Re: OT: Capitalisation to signify uniqueness
From: | Mike Ellis <nihilsum@...> |
Date: | Friday, March 11, 2005, 9:46 |
Gary Shannon wrote:
>Just an odd random observation:
>
>While reading a book on philosophy just now I came
>across the word "Reality" spelled with an uppercase
>"R" much as we might write "God" with a capital "G".
>Yet when we speak of the Roman gods we do not
>capitalize the word "gods". It occured to me that
>this is a subtle way that English has of signifying
>that the thing under discussion is thought to be the
>one and only instance of that thing. I thought about
>a hypothetical world where only one book existed in
>the whole world. If we lived in that world (and
>spolke English) surely we would refer to this object
>as "The Book", and not simply "the book."
Here, we have "the List".
This'll work in French, Spanish, any language that capitalises proper nouns.

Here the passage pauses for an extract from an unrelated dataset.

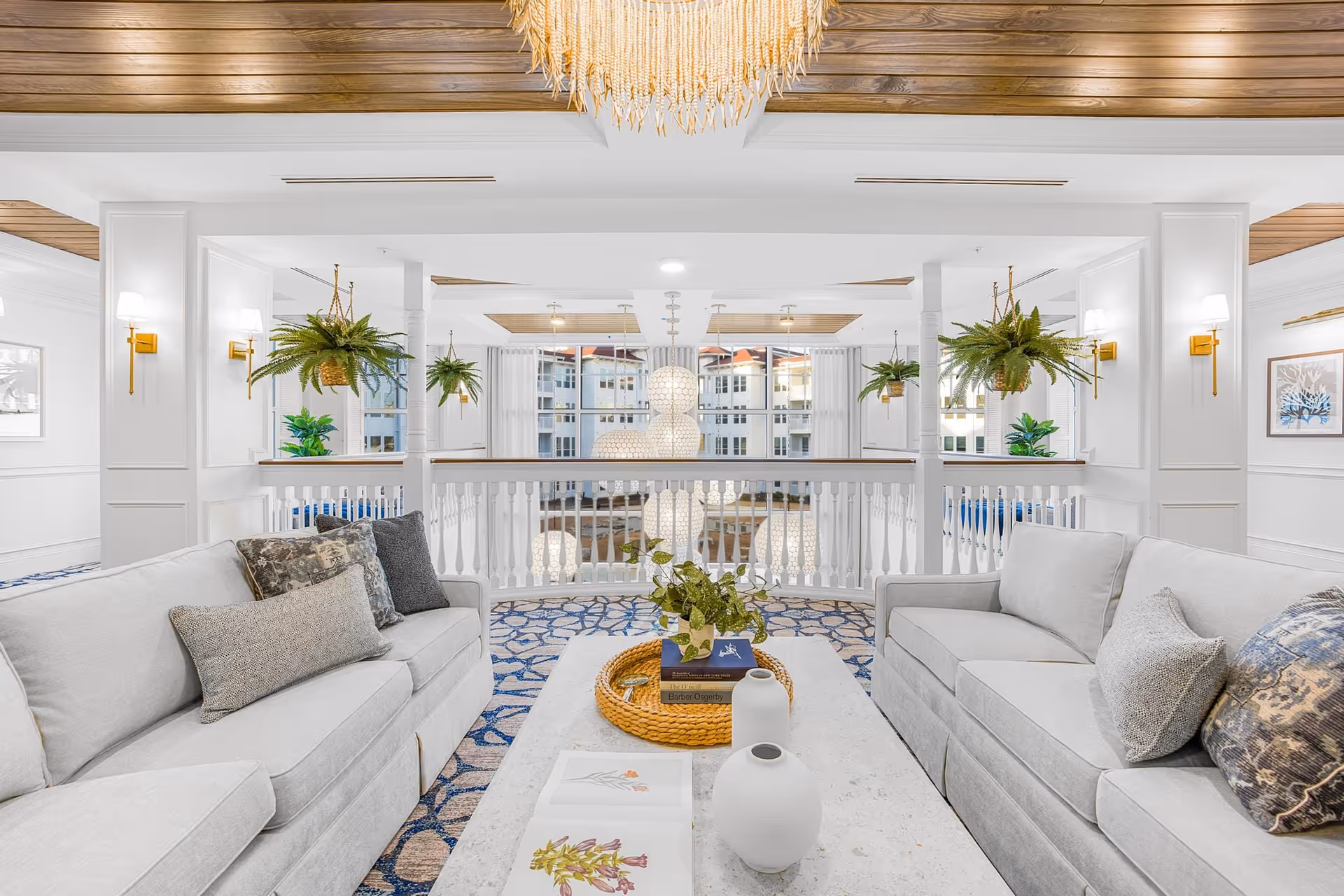 A bright and elegant living room area with two light gray sofas facing each other, adorned with decorative pillows. A white coffee table between the sofas holds a wicker tray, books, a plant, and white vases. The room features white walls with paneling, hanging green plants, wall sconces with warm lighting, and a wooden ceiling with a large chandelier. Large windows in the background reveal an exterior view of a building.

It kind of turns the word for something into a proper name ("God" is a
proper name, isn't it?). What I'd like to know is how you could render such
a subtle effect into a language like German, where the nouns are capitalised
already.
>I wondered if other natlangs or conlangs had some
>subtle way of signifying that the thing under
>discussion was thought to be unique in all of Reality.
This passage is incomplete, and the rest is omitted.